[[ Data shown, beginning ]]

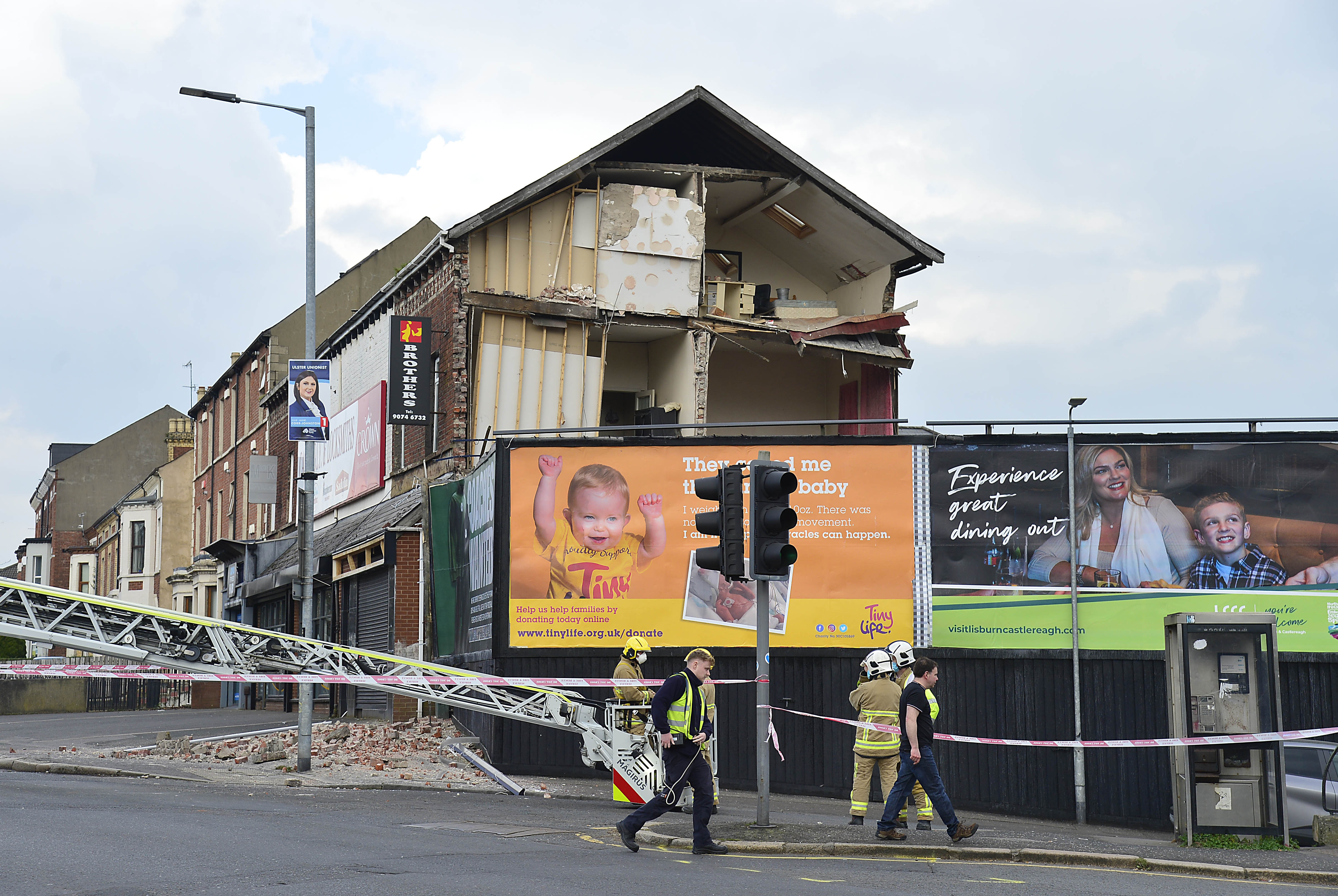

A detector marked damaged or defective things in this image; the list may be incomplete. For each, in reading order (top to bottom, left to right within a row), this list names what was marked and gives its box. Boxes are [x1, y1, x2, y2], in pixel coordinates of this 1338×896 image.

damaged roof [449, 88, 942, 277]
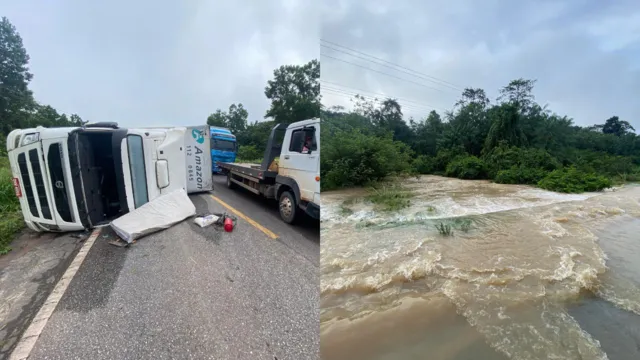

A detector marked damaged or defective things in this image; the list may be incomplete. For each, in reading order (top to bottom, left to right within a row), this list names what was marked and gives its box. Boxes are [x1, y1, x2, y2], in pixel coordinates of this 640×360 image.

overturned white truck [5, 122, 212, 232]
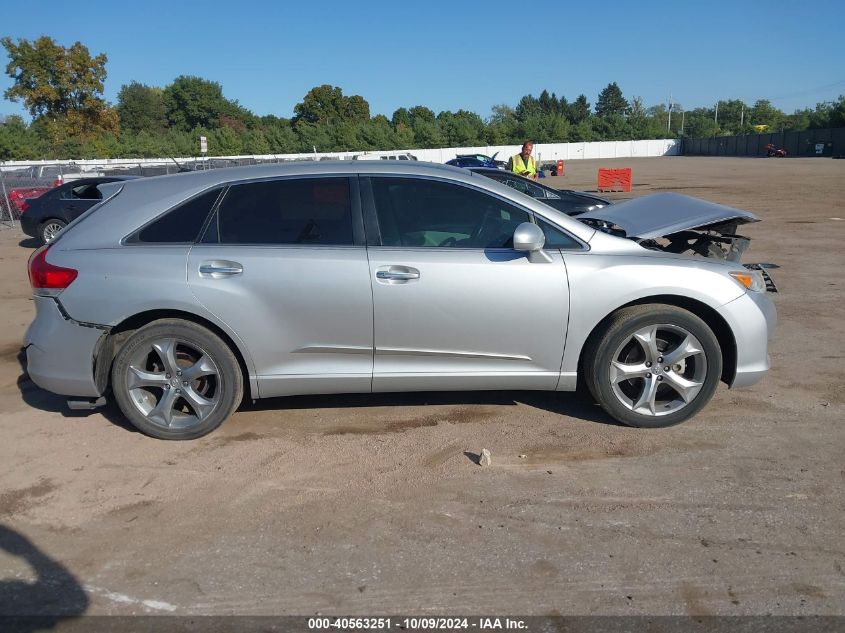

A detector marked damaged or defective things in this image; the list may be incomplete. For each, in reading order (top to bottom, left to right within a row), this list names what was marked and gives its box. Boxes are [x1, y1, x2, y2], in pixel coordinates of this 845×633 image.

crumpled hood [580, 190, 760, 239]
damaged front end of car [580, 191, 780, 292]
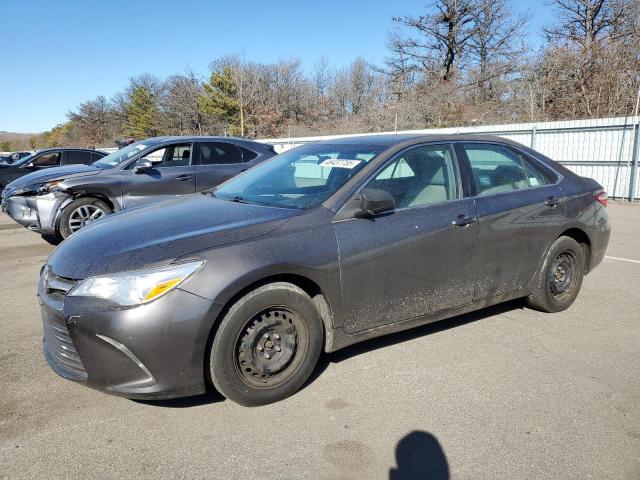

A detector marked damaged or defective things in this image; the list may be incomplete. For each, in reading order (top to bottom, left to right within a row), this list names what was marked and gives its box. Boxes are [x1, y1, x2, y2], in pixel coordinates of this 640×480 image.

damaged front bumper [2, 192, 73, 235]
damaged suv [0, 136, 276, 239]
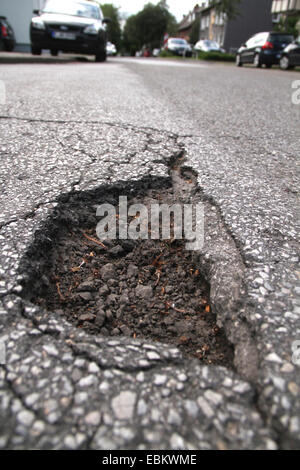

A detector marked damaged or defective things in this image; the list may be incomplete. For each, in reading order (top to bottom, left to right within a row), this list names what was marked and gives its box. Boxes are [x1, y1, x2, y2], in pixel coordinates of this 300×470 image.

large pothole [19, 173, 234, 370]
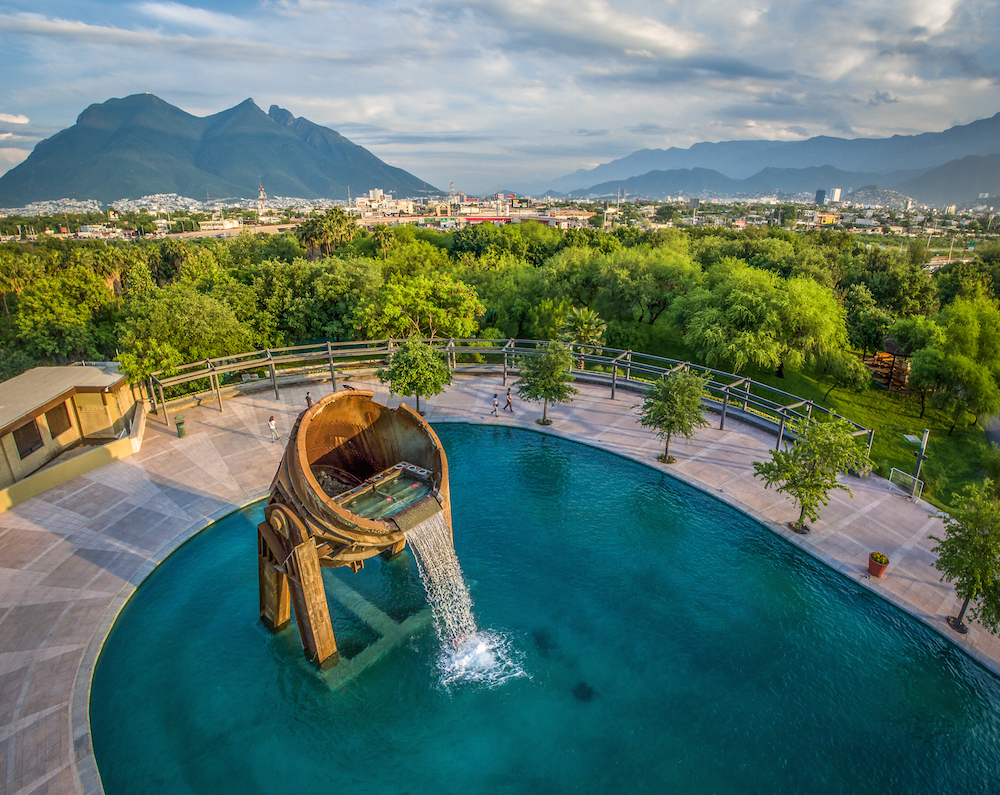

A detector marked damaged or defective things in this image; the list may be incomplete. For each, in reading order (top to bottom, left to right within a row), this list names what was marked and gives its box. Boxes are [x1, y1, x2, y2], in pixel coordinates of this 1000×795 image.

[[ Data shown, end ]]

Only the lines from the one containing "this 300×470 image." through the last line of the entries should be transcribed, exactly and with no pictures.

A detector marked damaged or defective things in this image; the list may be incomplete. For each, in reading order (top to bottom, left to right within a row), this list names what was marked and gives its box. Boxes are [x1, y1, x2, y2], in pixel coordinates of this 300×470 image.

large pothole [19, 173, 234, 370]

A detector marked damaged or defective things in this image; the list may be incomplete. For each, in reading order (top to bottom, left to right within a row), this list names what was marked and gives its box. Boxes are [x1, y1, x2, y2], in pixel coordinates of this 1000×795 image.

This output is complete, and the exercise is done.